Vetter weist deshalb darauf hin, dass diese Lesart in der Praxis vorkommt, jedoch nicht zulässig sei: „Der große Fehler, der immer gemacht wird, auch bei der normalen Vergewaltigung, ist, dass man sagt: Oh, der Mann hat ja ein Kondom verwendet, deswegen fällt die Strafe geringer aus. Der Bundesgerichtshof hat aber gesagt: Die Verwendung eines Kondoms ist kein Strafmilderungsgrund.“
Auch Marcel Luthe, Vorsitzender der „Good Governance“-Gewerkschaft, kritisiert gegenüber NIUS die Regelung deutlich: „Der gesamte Marienkäfer-Koalitionsvertrag ist nicht nur inhaltlich grauenhaft, sondern auch sprachlich dilettantisch, halbgares Stückwerk. Nach dem Wortlaut der Regelung soll faktisch die Vergewaltigung einer Frau, die zufällig die Pille nimmt, weniger hart bestraft werden als die einer anderen Frau! Das ist rechtspolitisch völliger Irrsinn! Das Problem bei Sexual- und Gewaltdelikten ist nicht der Strafrahmen, sondern sind die fehlenden Ermittlungskapazitäten, weshalb 85 Prozent der Verfahren ohne ernsthafte Ermittlungen eingestellt werden müssen.“
Marcel Luthe, Vorsitzender der Good Governance Gewerkschaft
Im geltenden Recht ermöglicht § 177 Abs. 9 StGB eine Herabsetzung der Mindeststrafe auf ein Jahr, wenn ein „minder schwerer Fall“ angenommen wird. Dies betrifft unter Umständen auch Konstellationen mit gemeinschaftlicher Tatbegehung.

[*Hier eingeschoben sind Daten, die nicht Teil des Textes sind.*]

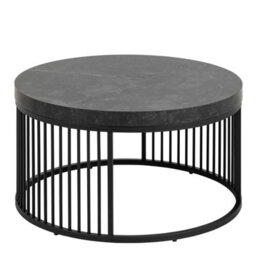 Wyld Haus Dublin Black Marble Effect Round Coffee Table With Black Steel Base - thumbnail 2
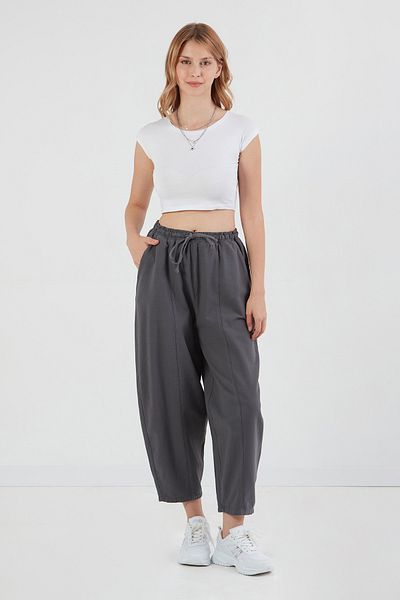Fulla Moda High Waist Linen Shalwar Trousers with Elastic Waist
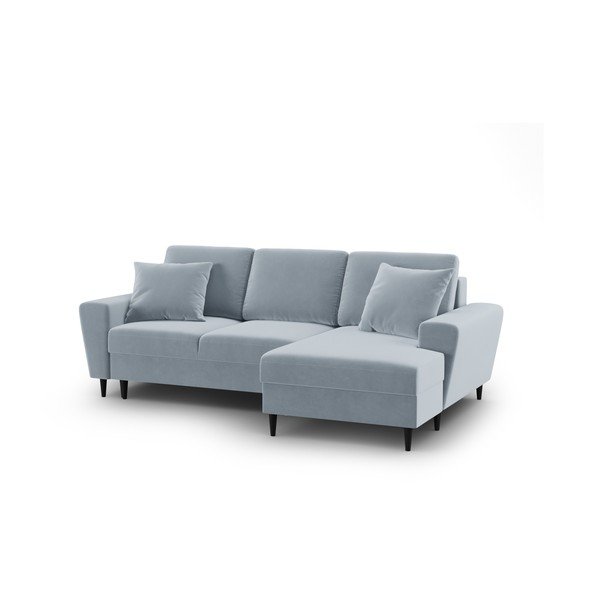 Svijetlo plava baršunasti sklopiva/s prostorom za odlaganje kutna garnitura (s desnim kutom/s ležaljkom) Kyoto – Cosmopolitan Design-image-1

Vetter erläutert: „Wenn man Law-and-Order-Politik machen will, müsste man die minder schweren Fälle streichen. Dann wäre es brutal für die Täter. Der sogenannte minder schwere Fall – das ist das Schlupfloch. Es wird nach oben immer weiter ausgedehnt, aber das naheliegende Schlupfloch nach unten wird nicht gestopft.“
Er weist zudem darauf hin, dass dieses Schlupfloch in der gerichtlichen Praxis regelmäßig genutzt wird: „Wenn Sie das geschickt verteidigen und der Staatsanwalt nicht so schlecht drauf ist und das Gericht auch nicht – sind Sie in der Regel bei Sexualstraftaten immer jetzt schon im minderschweren Fall.“
Die geplante Reform zielt auf eine Verschärfung der Strafverfolgung bei Gruppenvergewaltigungen, bleibt dabei jedoch unklar in der Systematik und öffnet gleichzeitig neue Wertungsprobleme. Die Verbindung zwischen Schwangerschaft und Strafmaß ist aus rechtsstaatlicher Sicht problematisch, da sie biologische Umstände über den Unrechtsgehalt der Tat stellt. Auch die Frage der tatsächlichen Effektivität stellt sich, solange das Einfallstor des § 177 Abs. 9 StGB bestehen bleibt.